As we read it the scene is innocuous – ‘he (Jesus) set his face to go to Jerusalem.’ But innocuous it isn’t.
This story is a turning point in Luke’s account of the good news. This is Luke’s way of telling his readers that Jesus is about to embark on what will be the focal point, the heart of his task. If he has previously begun to expose the heart of the message of the realm of God, and he certainly has, then from here on to Jerusalem he is going to open it right up for people to see more clearly than ever. He has already shown how the breaking into the world of human beings of the realm of God brings about change. He has calmed the sea, ordered demons out of a poor man, quelled what is chaotic – all signs of the Kingdom and of things to come. Now he has made a deliberate decision – to go to Jerusalem there to confront the heart of Empire, Roman and Jewish, civic and religious, with the realm of God.

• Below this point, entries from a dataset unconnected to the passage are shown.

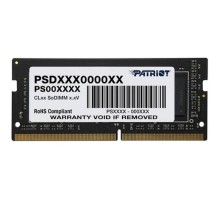 Модуль памяти для ноутбука SODIMM 8GB PC25600 DDR4 PSD48G320081S PATRIOT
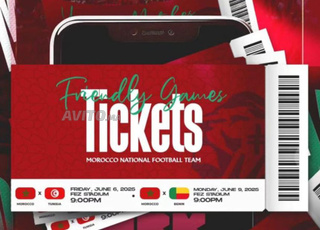 Ticket maroc vs Tunisie 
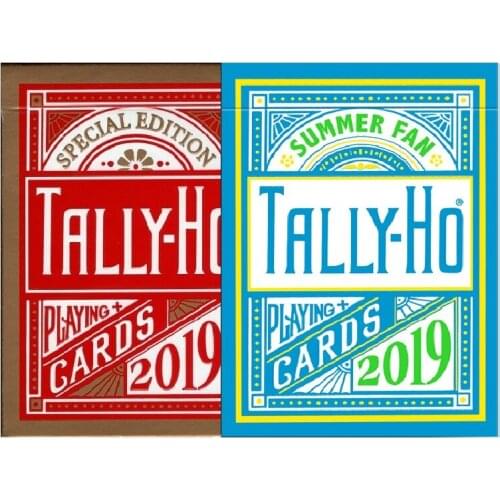 Tally-Ho Summer Fan Playing Cards Chinese New Year Circle Back Deck Bicycle Poker USPCC Magic Card Games Magic Tricks Props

This is not simply a stroll with a good idea. Luke says this is a deliberate movement, ’he (Jesus) set his face to go to Jerusalem.’ Luke tell us that on the way Jesus sends messengers ahead into a Samaritan village through which he will pass. In itself this is unusual. Jews will do everything they can to avoid walking through a Samaritan village. Jesus deliberately walked that way. What they meet there is rejection.
But they shouldn’t have been be surprised about that. Because of a long and bitter dispute between them Samaritans and Jews didn’t ‘get on’. Their disagreement and separation extends further and deeper than some arguments in and between chapel and churches. It’s a dispute that divided the Jewish community that had festered for centuries. Luke tells us in a stark phrase beginning with a ‘but’ is that
‘… they did not receive him….’ Why? ‘… because his face was set to Jerusalem.’
From the same stock Jews and Samaritans were cousins who had a disagreement that went back tot eh two kingdoms of Israel in the North and Judah in the South. The Samaritans believe that their worship, based on the first 5 books of the Bible, is the true religion of the ancient Israelites. The different between hem was deepened at the time of the return from their Babylonian exile. They believe their true form of their religion was preserved by those who remained in the land of Israel during the Exile and that Judaism although related had been altered and amended by those Jews taken into captivity and brought back by those people who returned after the Exile.
Most importantly for our purposes today was the fact that the Samaritans believed that Mount Gerazim was the original Holy Place of Israel from the time Joshua conquered the land. Mount Gerazim was the location of the chosen place to worship God. But according to the Jews Jerusalem was the chosen place to worship God. The difference was visceral.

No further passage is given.